How to avoid taxes on home sales, even if you don't buy a new home
Q: I will be selling my house soon. How long do I have to reinvest the proceeds in real estate before I have to pay capital gains on the profit? Are there exemptions to that tax? Where do I find the rules governing capital gains taxes on real estate sales?
M.D., via e-mail
A: You left out a few important details to consider, such as how long you owned the property and how much money you made from its sale. But Tim Rowland, a certified financial planner in Scottsdale, Ariz., says that if the home is your "principal residence" (basically, the address you list for tax returns, auto insurance, bills, etc.), and you have lived there at least two of the five preceding years, then you're eligible for an exemption of as much as $250,000 of the gain from the sale - $500,000 if you're married, filing jointly.

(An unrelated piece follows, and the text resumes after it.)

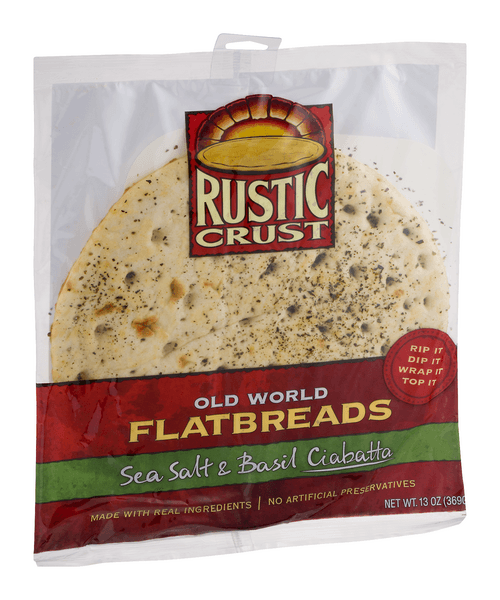 Rustic Crust Old World Flatbread Sea Salt & Basil Ciabatta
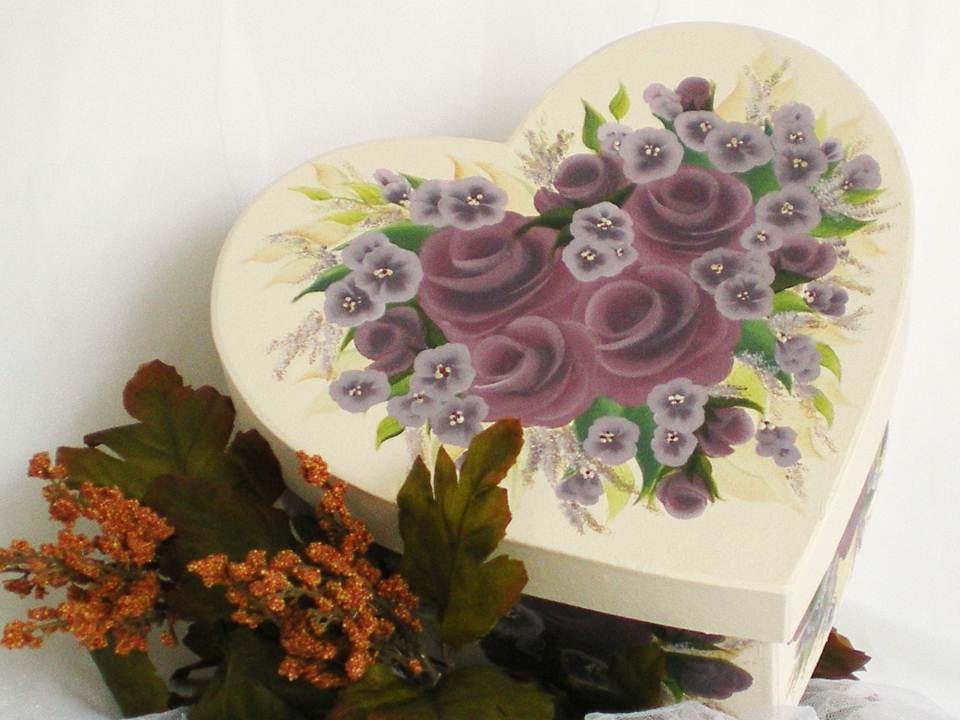 Hat Box Heart Shape Antique White with Hand Painted Elegant Plum Purple Roses - Storage Box Wedding Card Box Bridesmaid LARGE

Any amount above that will be taxed in accordance with capital gains rules. For information on that you can thumb through IRS Publication 544, "Sales and Other Dispositions of Assets." For information on your home sale refer to Pub. 523, "Selling Your Home." You can download either pamphlet from www.irs.gov.
Q: Debt collectors can purchase a debt that has been written off by a financial institution for only a few cents on the dollar, yet they can collect the full amount of the debt, which sometimes runs into the thousands of dollars. The original creditor receives none of this money. Are debt collectors required to have any kind of license? If they aren't licensed, is it legal for the collection agency to have an attorney collect the debt for them?
E.M., Caro, Mich.
A: When an account gets to be three or four months old without any payments, businesses often "factor out," or sell off, the remaining debt to investors who might pay them just pennies on the dollar. The price depends on how old the debts are, the type of debtors, etc., says Bert Whitehead, an attorney and president of Cambridge Connection Inc., in Franklin, Mich.
The "factor" who buys the debts is in the business of debt collection, and usually doesn't have to be licensed in most states, including Michigan. Mr. Whitehead says that they're still bound by federal laws that protect creditors from harassment (such as calling a debtor's home before 9 a.m. or after 9 p.m.).
They may also employ attorneys to try to collect the debts. They're usually paid on a contingency basis.
The original creditor sells off this debt because he or she isn't in the business of collecting on accounts from slow payers. Seldom is the investor who buys the receivables able to collect them all. These types of debtors often skip town, have no money, or aren't working and simply cannot repay the debt.